Prior to the Purchase Agreement LVWR was taxed as a limited liability company, which is a ‘pass through entity’ for tax purposes. Taxable income flowed through to its members, and income taxes were not levied at the company level. Subsequent to the reverse merger LVWR became a subsidiary of the SF Blu and is taxed at the Company’s marginal corporate rate. The Company accounts for income taxes under the provisions of ASC Section 740-10-30, which is an asset and liability approach that requires the recognition of deferred tax assets and liabilities for the expected future tax consequences of events that have been recognized in their consolidated financial statements or tax returns.
 
Stock Based Compensation
 
The Company accounts for the grant of stock options and restricted stock awards in accordance with ASC 718, “Compensation-Stock Compensation.” ASC 718 requires companies to recognize in the statement of operations the grant-date fair value of stock options and other equity based compensation.
 
Recognition of Revenue

Sales are recorded at the time title of goods sold passes to customers, which based on shipping terms which generally occurs when the product is shipped to the customer and collectability is reasonably assured. Based on prior experience, the Company reasonably estimates its sales returns and warranty reserves. Sales are presented net of discounts and allowances. Discounts and allowances are determined when a sale is negotiated. The Company does not grant price adjustments after a sale is complete.  The Company warrants its products sold on the internet with a right of exchange by means of an approved Return Merchandise Authorization (RMA).  Returns of unused merchandise are similarly authorized. Warranty and return policy for product sold through retail distribution channels is negotiated with each customer.
 
The Company’s revenue is primarily derived from sales of their consumable energy supplement products through distributors who distribute their products to retailers. The Company also sells their products directly to consumers; this is normally done through internet sales. This portion of their sales is minimal.
 

Shipping costs

Shipping costs are included in cost of goods sold and totaled approximately $18,400 and $5,800 for the six months ended June 30, 2014 and 2013, respectively approximately $14,000 and $2,900 for the three months ended June 30, 2014 and 2013, respectively.

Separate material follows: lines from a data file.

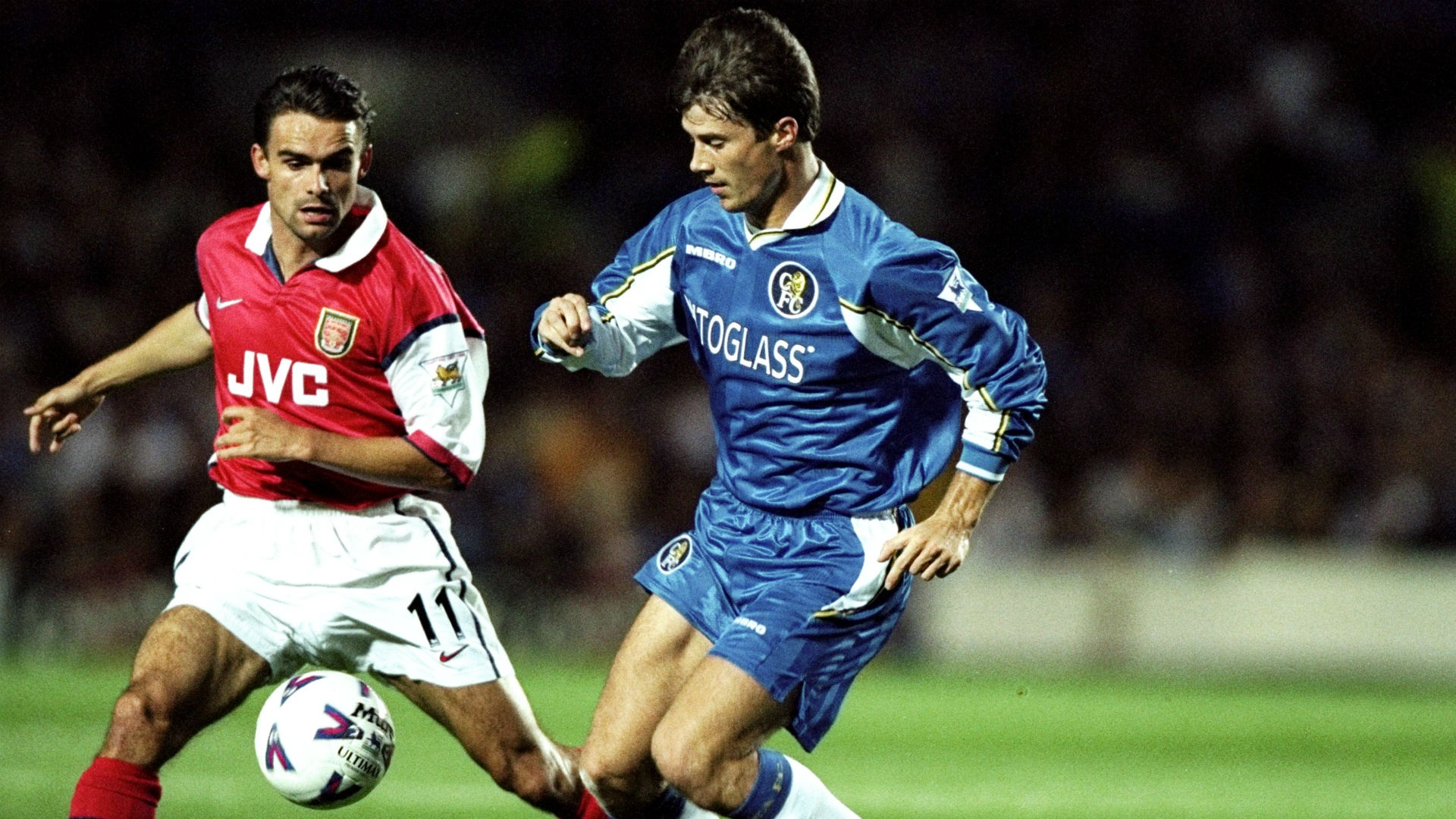 Cựu danh thủ người Đan Mạch được HLV Gianluca Vialli đưa về năm 1998 với hy vọng tăng cường sức mạnh hàng công của Chelsea. Tuy nhiên, do liên tục dính chấn thương nên cựu sao Bayern Munich và AC Milan ra sân vỏn vẹn 11 trận và ghi 1 bàn thắng trước khi bị đẩy sang Copenhagen sau nửa mùa giải.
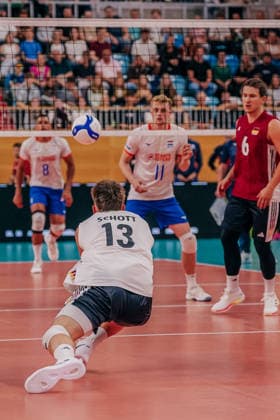 GER, Volleyball, EM-Generalprobe, Testspiel, Deutschland vs. Niederlande, 04.09.26 Bei der Annahme Ruben Schott (13, Deutschland) Foto: HMB Media Etienne Schlick Copyright: HMBxMedia EtiennexSchlick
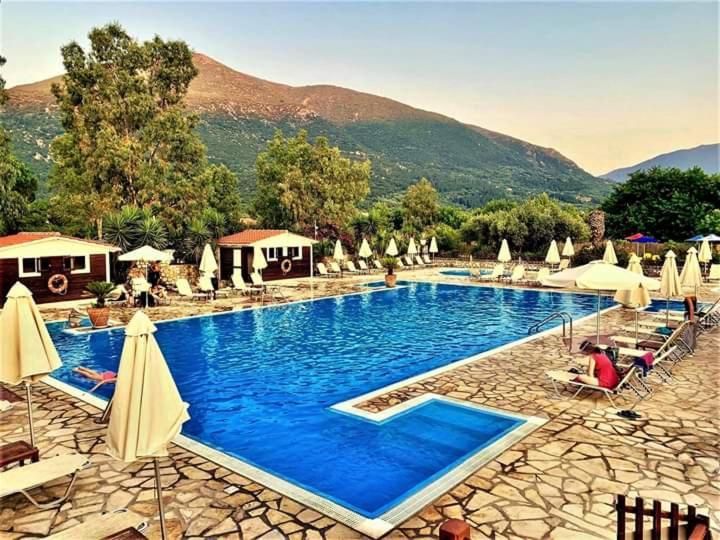 סאמי Camping Karavomilos מראה חיצוני תמונה
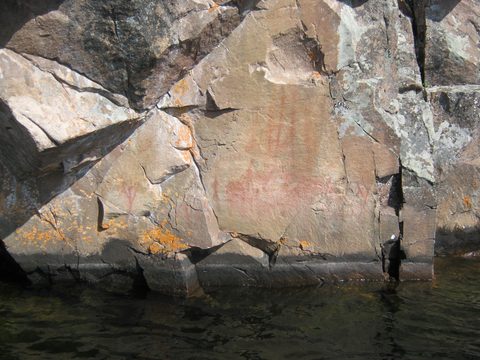 Photo from TREKKING WITH CHEV: Bon Echo's Abe’s and Essen’s Trail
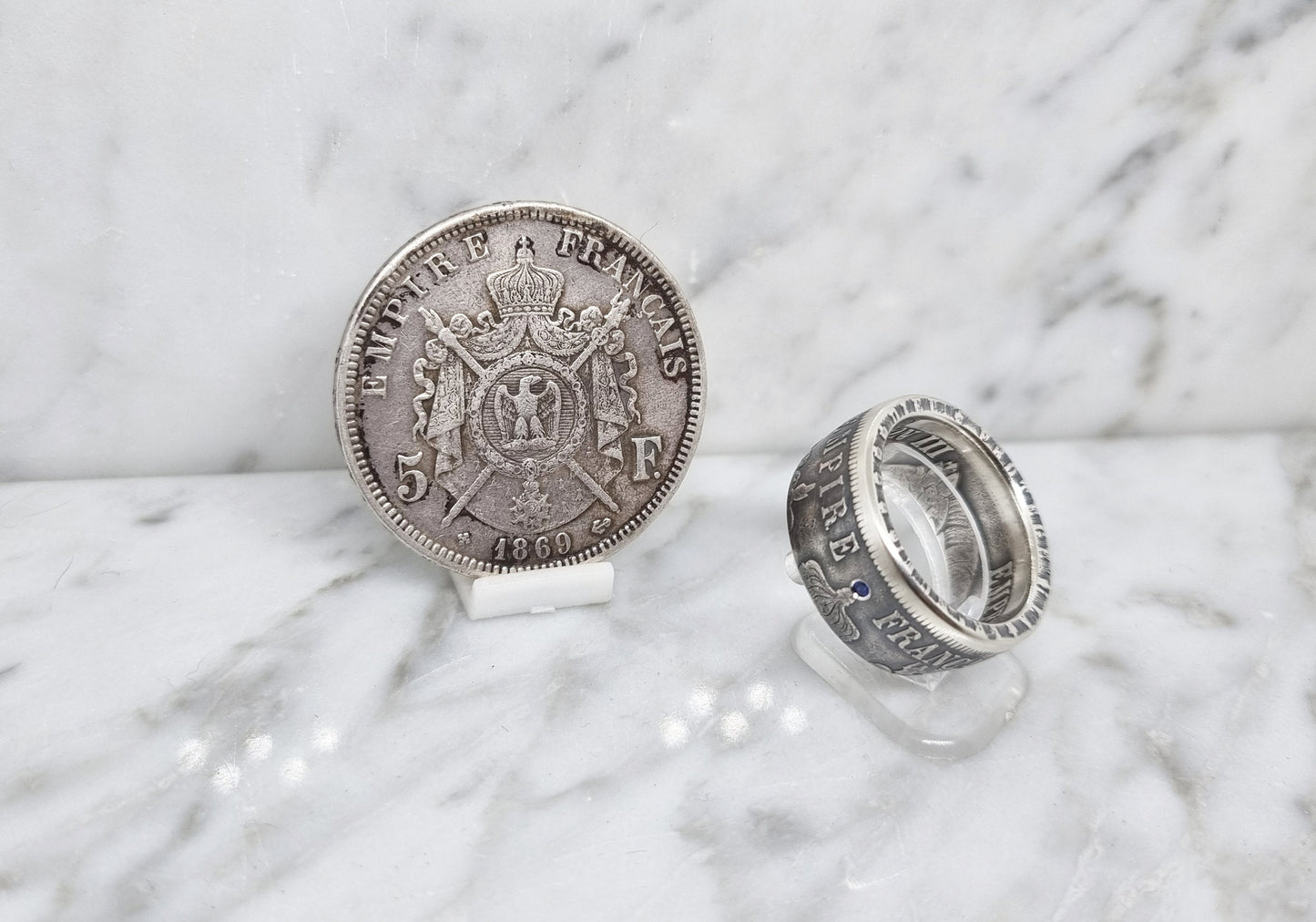 Bague pièce de monnaie 5 Francs Napoléon III en argent serti d'un saphir (coin ring)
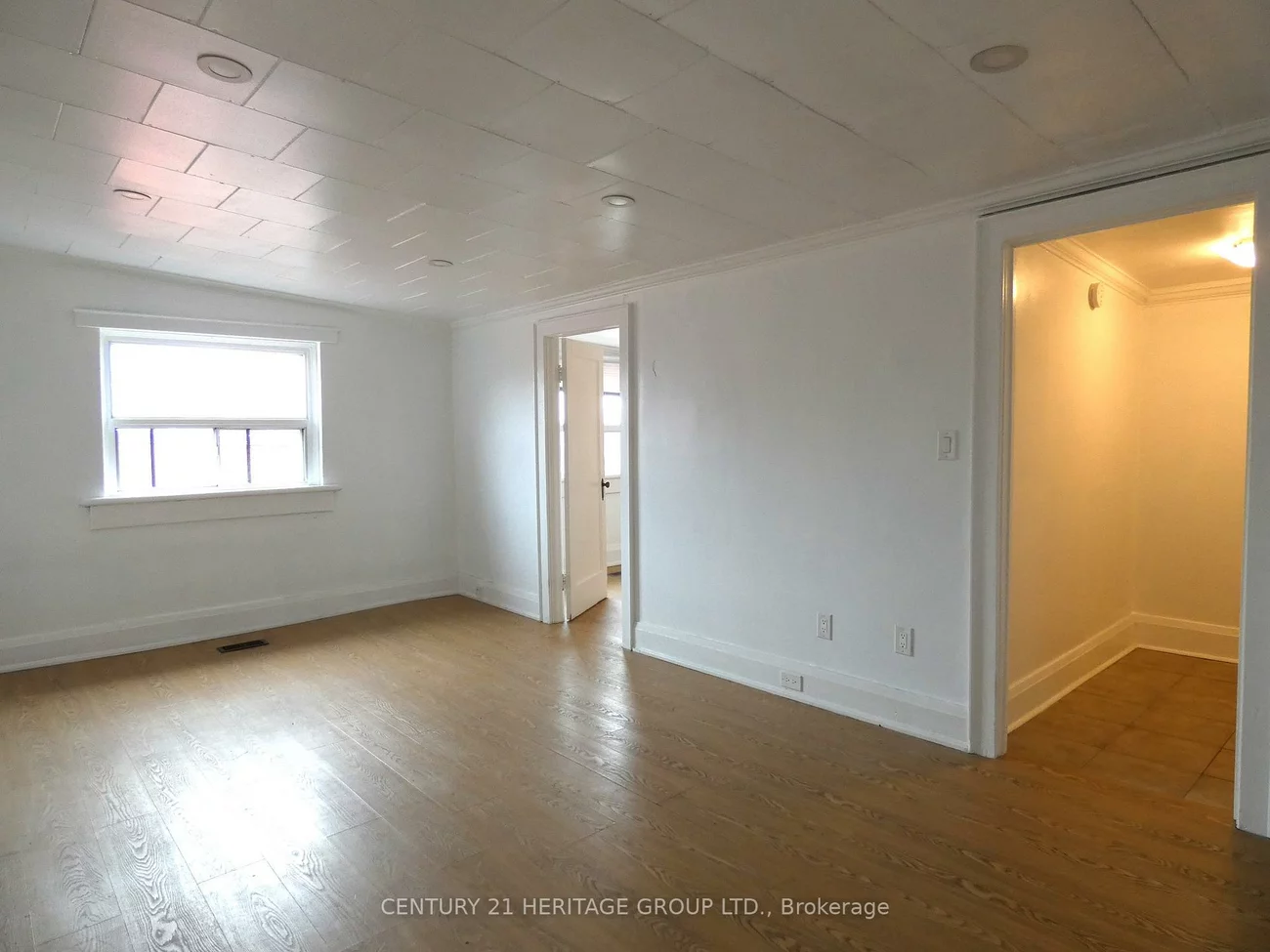 201, Main, Central Newmarket, Newmarket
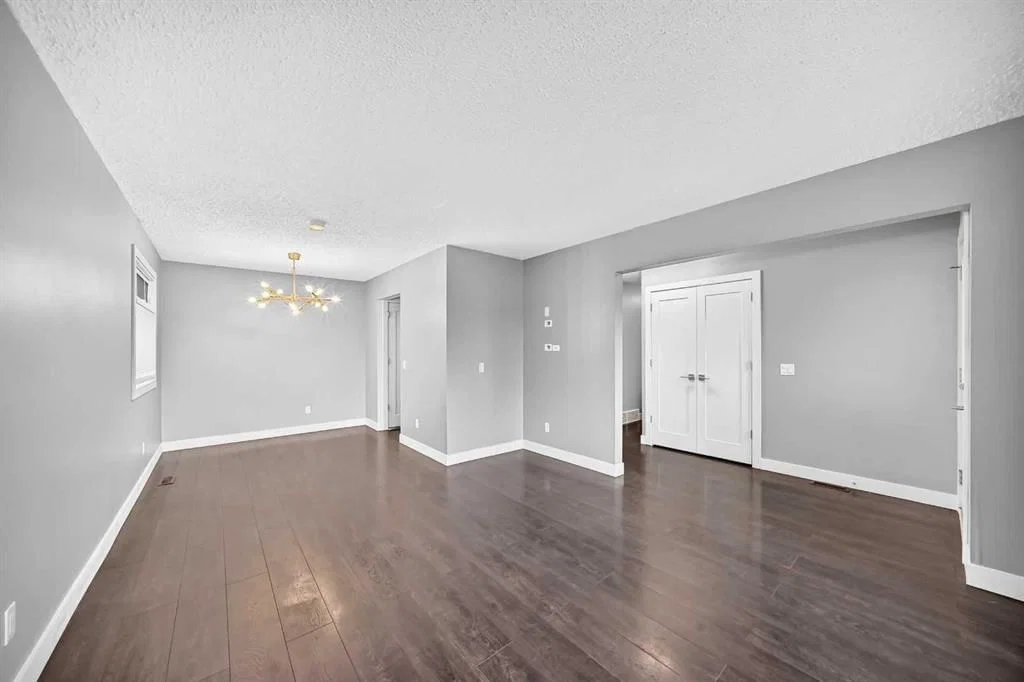 153 Madeira Road NE, Calgary — photo 5 of 44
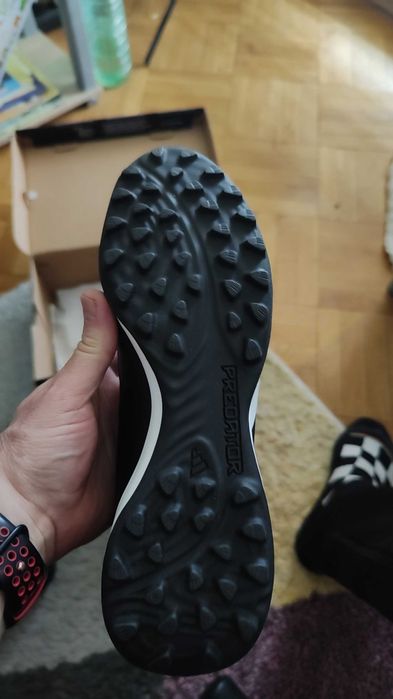 Продават се футболни обувки Adidas Predator - чисто нови (стоножки)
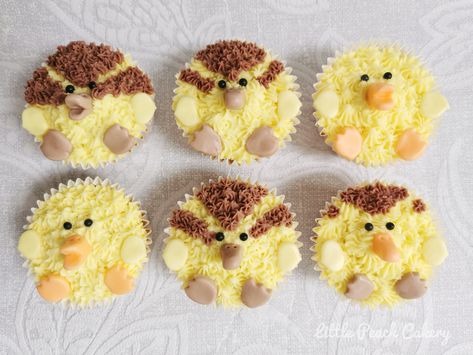 Hedgehog Cake, Duck Feet, Wild Duck, Buttercream Cupcakes, Cute Duck, Cocktail Sticks, Piping Tips, A Duck, Chocolate Buttercream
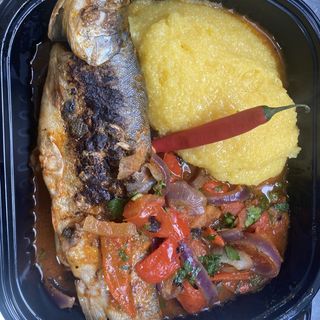 Saramura pastrav cu mamaliga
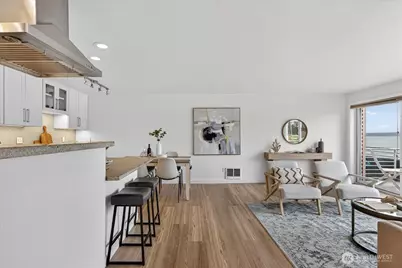 733 Lake Street S #104, Kirkland, WA 98033 - Photo 5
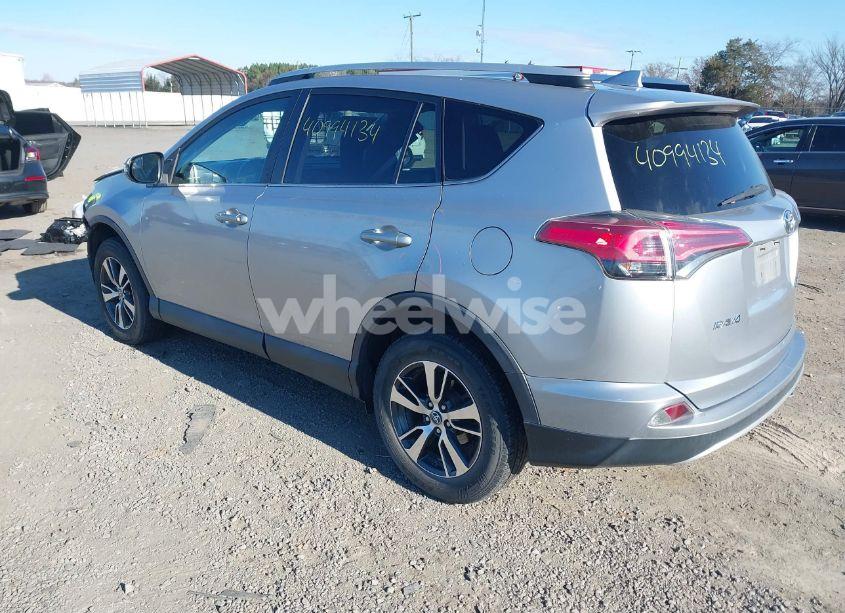 Photo 3 of 2016 Toyota Rav4 XLE (VIN 2T3RFREV5GW479908)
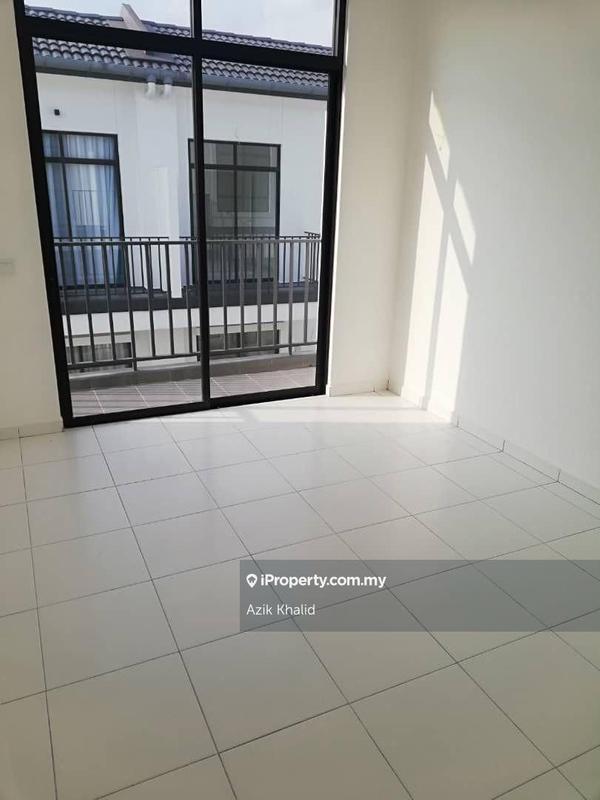 2-storey Terraced House for Sale in Bandar Baru Puncak Alam, Puncak Alam by Azik Khalid - iProperty.com.my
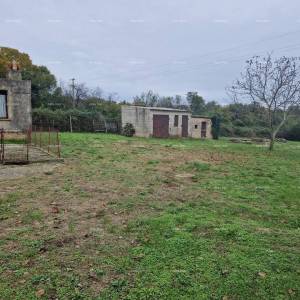 Prodaje se kuća, Barban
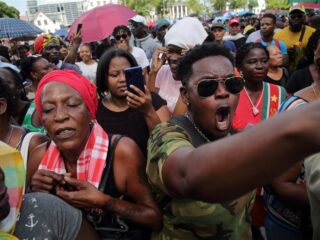 Sephia en Kevin over de situatie in Suriname: "Het is hier heel erg moeilijk"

Earnings (loss) per common share

The Company utilizes the guidance per FASB Codification “ASC 260 "Earnings Per Share". Basic earnings per share is calculated on the weighted effect of all common shares issued and outstanding, and is calculated by dividing net income available to common stockholders by the weighted average shares outstanding during the period. Diluted earnings per share, which is calculated by dividing net income available to common stockholders by the weighted average number of common shares used in the basic earnings per share calculation, plus the number of common shares that would be issued assuming conversion of all potentially dilutive securities outstanding, is not presented separately as it is anti-dilutive. Such securities, shown below, presented on a common share equivalent basis and outstanding as of June 30, 2014 and 2013 have been excluded from the per share computations:
 
   
For the Six Months Ended
 
   
June 30,
 
   
2014
   
2013
 
Convertible Notes Payable
   
2,139,451
     
21,417,407
 
Warrants
   
6,680,002
     
5,805,002
 
Series B Preferred Stock
   
134,724
     
-
 
Series C Preferred Stock
   
600,000
     
-
 

Long Lived Assets
 
The Company follows Accounting Standards Codification subtopic 360-10, Property, Plant and Equipment (“ASC 360-10”). ASC 360-10 requires those long-lived assets and certain identifiable intangibles held and used by the Company be reviewed for impairment whenever events or changes in circumstances indicate that the carrying amount of an asset may not be recoverable. Events relating to recoverability may include significant unfavorable changes in business conditions, recurring losses, or a forecasted inability to achieve break-even operating results over an extended period. The Company evaluates the recoverability of long-lived assets based upon forecasted undiscounted cash flows. Should impairment in value be indicated, the carrying value of intangible assets will be adjusted, based on estimates of future discounted cash flows resulting from the use and ultimate disposition of the asset. ASC 360-10 also requires assets to be disposed of be reported at the lower of the carrying amount or the fair value less costs to sell.

Reclassification
 
Certain reclassifications have been made to conform the prior period data to the current presentation. These reclassifications had no effect on reported net loss.

Recent Accounting Pronouncements

In May 2014, the FASB issued ASU 2014-09, "Revenue from Contracts with Customers (Topic 606)," which is the new comprehensive revenue recognition standard that will supersede all existing revenue recognition guidance under GAAP. The standard's core principle is that a company will recognize revenue when it transfers promised goods or services to a customer in an amount that reflects the consideration to which the company expects to be entitled in exchange for those goods or services. This ASU is effective for annual and interim periods beginning on or after December 15, 2016, and early adoption is not permitted. Entities will have the option of using either a full retrospective approach or a modified approach to adopt the guidance in the ASU. The Company is currently evaluating the impact of adopting this guidance.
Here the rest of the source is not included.